Du côté des policiers, curieusement, les réalisateurs sont rares cette année. Tout juste si l'on trouve Jacques Deray, qui, dans Trois hommes à abattre, a conçu un rôle sur mesure pour Alain Delon, éternel samouraï solitaire en butte à tous les méchants, et Robert Enrico, qui, dans Pile ou face, a tissé un subtil et séduisant face-à-face entre Philippe Noiret, commissaire opiniâtre, et Michel Serrault, suspect bien difficile à coincer et bien sympathique.

Maîtrise

Année faste, en revanche, et c'est un message d'espoir pour notre cinéma, du côté des premières œuvres. On a rarement compté autant de débutants qui, d'emblée, ont impressionné par l'originalité de leur ton ou leur parfaite maîtrise. Avec une étonnante diversité dans le choix des sujets.

L'univers des marginaux, d'abord, très en vogue. Ainsi, Extérieur nuit, de Jacques Bral, qui révèle deux jeunes acteurs à la forte personnalité, Christine Boisson (ici chauffeur de taxi) et Gérard Lanvin, et Neige de la comédienne Juliet Berto, sur l'univers des paumés et des drogués de Pigalle et de Barbès.
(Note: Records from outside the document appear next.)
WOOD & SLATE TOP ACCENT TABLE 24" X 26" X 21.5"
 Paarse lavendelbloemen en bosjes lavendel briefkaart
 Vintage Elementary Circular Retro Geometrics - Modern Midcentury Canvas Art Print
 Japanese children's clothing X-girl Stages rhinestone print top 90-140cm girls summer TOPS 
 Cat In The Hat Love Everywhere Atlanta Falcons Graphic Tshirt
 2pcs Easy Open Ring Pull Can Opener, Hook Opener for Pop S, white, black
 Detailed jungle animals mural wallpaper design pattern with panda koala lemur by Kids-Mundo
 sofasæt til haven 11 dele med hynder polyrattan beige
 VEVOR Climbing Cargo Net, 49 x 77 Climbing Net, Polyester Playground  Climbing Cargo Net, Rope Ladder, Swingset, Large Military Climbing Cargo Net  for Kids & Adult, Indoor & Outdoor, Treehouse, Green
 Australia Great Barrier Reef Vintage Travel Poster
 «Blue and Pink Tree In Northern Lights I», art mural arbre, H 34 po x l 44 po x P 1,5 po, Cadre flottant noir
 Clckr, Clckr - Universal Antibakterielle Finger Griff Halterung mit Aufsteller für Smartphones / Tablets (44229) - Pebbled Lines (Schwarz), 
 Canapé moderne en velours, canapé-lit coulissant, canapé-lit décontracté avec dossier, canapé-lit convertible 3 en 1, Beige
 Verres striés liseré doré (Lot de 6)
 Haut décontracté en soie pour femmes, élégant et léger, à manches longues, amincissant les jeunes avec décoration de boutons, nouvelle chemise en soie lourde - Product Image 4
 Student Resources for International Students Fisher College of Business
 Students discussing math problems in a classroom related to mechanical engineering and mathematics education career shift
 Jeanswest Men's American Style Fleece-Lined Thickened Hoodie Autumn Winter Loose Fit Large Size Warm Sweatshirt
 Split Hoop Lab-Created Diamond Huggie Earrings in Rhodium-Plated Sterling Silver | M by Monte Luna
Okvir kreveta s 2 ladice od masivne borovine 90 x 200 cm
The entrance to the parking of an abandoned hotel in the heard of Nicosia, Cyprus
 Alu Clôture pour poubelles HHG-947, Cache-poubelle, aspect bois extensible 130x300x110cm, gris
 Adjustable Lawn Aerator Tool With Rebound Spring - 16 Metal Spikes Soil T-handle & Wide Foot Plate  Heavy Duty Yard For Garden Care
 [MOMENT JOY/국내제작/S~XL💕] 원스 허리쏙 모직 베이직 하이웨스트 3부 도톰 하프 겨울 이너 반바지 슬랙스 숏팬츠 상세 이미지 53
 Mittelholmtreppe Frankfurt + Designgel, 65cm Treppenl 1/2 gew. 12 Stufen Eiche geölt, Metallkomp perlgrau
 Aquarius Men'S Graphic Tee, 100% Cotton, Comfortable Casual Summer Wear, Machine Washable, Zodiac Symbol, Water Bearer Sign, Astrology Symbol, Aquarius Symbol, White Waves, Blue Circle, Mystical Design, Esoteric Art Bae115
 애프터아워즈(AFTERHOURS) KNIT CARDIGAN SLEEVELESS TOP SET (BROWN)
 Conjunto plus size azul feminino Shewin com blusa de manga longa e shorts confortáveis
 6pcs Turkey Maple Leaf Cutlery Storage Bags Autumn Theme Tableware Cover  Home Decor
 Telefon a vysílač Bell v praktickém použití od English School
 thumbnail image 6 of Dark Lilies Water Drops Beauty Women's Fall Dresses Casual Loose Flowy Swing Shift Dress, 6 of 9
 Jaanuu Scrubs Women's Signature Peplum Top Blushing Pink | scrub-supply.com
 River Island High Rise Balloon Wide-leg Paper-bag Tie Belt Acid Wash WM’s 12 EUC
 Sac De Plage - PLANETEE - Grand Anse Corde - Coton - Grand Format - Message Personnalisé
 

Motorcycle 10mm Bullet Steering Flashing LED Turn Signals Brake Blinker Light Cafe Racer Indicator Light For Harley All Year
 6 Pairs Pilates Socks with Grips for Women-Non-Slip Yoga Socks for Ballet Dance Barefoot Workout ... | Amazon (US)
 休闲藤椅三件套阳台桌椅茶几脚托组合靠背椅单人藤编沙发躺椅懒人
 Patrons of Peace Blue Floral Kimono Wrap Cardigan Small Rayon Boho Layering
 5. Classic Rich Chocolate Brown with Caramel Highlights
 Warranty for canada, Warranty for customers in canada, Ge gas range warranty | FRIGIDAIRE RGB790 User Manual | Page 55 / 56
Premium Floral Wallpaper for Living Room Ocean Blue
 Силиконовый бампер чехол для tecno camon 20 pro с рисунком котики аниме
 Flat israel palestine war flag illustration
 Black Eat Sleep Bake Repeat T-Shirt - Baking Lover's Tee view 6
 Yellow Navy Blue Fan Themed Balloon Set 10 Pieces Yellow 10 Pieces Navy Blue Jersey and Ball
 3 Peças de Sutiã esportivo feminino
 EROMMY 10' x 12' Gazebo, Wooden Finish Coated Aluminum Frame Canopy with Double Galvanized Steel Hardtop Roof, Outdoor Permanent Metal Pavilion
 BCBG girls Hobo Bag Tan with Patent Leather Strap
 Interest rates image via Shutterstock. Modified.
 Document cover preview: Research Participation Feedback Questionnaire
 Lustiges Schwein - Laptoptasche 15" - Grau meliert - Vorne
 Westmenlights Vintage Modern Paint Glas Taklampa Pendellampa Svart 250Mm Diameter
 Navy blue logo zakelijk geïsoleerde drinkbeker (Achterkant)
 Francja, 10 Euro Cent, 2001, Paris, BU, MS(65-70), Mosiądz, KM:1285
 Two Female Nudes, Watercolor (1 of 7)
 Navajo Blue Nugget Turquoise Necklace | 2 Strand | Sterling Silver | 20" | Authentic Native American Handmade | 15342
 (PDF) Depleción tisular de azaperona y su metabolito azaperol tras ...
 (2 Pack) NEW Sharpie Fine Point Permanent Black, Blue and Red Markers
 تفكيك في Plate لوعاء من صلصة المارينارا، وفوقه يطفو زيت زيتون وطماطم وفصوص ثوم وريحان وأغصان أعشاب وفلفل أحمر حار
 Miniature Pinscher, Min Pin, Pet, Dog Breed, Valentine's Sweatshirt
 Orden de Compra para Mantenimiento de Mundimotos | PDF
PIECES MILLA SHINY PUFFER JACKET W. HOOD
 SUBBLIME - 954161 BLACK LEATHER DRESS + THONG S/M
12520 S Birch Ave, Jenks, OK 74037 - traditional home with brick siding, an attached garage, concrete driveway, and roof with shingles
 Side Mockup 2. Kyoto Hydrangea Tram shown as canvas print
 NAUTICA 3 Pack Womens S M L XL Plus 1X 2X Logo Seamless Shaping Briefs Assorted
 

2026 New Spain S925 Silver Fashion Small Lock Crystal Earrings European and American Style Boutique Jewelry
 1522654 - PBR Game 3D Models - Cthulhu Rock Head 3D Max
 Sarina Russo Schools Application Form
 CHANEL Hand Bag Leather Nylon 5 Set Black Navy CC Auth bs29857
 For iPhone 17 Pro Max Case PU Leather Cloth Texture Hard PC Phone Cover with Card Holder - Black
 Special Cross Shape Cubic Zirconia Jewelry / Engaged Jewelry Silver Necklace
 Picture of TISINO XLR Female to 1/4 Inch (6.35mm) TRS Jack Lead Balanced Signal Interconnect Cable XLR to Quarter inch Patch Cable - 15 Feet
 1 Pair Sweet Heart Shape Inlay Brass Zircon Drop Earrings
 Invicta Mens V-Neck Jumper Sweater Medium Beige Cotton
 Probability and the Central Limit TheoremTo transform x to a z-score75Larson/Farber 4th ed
Celui de l'enfance, plus traditionnel pour un premier film, avec Anthracite, d'Édouard Niermans, remarquable évocation d'une enfance dans un collège de jésuites, et la Femme enfant, de Raphaëlle Billetdoux, scabreux et pourtant poétique récit des amours d'une adolescente avec un jardinier pas très adulte (un thème à la mode que celui des Lolita, puisqu'il a aussi inspiré Roger Andrieux dans la Petite sirène et Bertrand Blier dans Beau-père).

Très cotées également les incertitudes du cœur de la trentaine. Elles sont notamment explorées dans L'homme fragile, de Claire Clouzot, et qui permet à un nouveau jeune premier, Richard Berry, de s'imposer, en parallèle avec son interprétation impressionnante de tueur de prostituées amoureux d'une star dans le film ambigu de Michel Vianney, L'assassin qui passe. Dans la même veine, mais sur un ton plus souriant, Jacques Monnet a réussi un coup de maître en traçant le portrait d'une poignée de jeunes provinciaux pas très mûrs dans Clara et les chics types, avec une Isabelle Adjani décontractée au milieu d'une savoureuse bande de garçons et de filles venus du café-théâtre et que le cinéma, désormais, s'arrache.

Marginal

À rattacher à cette inspiration, deux films de réalisateurs plus vraiment débutants mais toujours un peu en marge : Deux lions au soleil, où Claude Faraldo promène deux prolétaires homosexuels (et au chômage) dans une tendre histoire policière ; et Plein sud, de Luc Béraud, où Patrick Dewaere, improbable mais savoureux petit prof à lunettes, plonge dans la grande aventure marginale pour les beaux yeux — et le reste — de la nouvelle coqueluche de l'écran, Clio Goldsmith.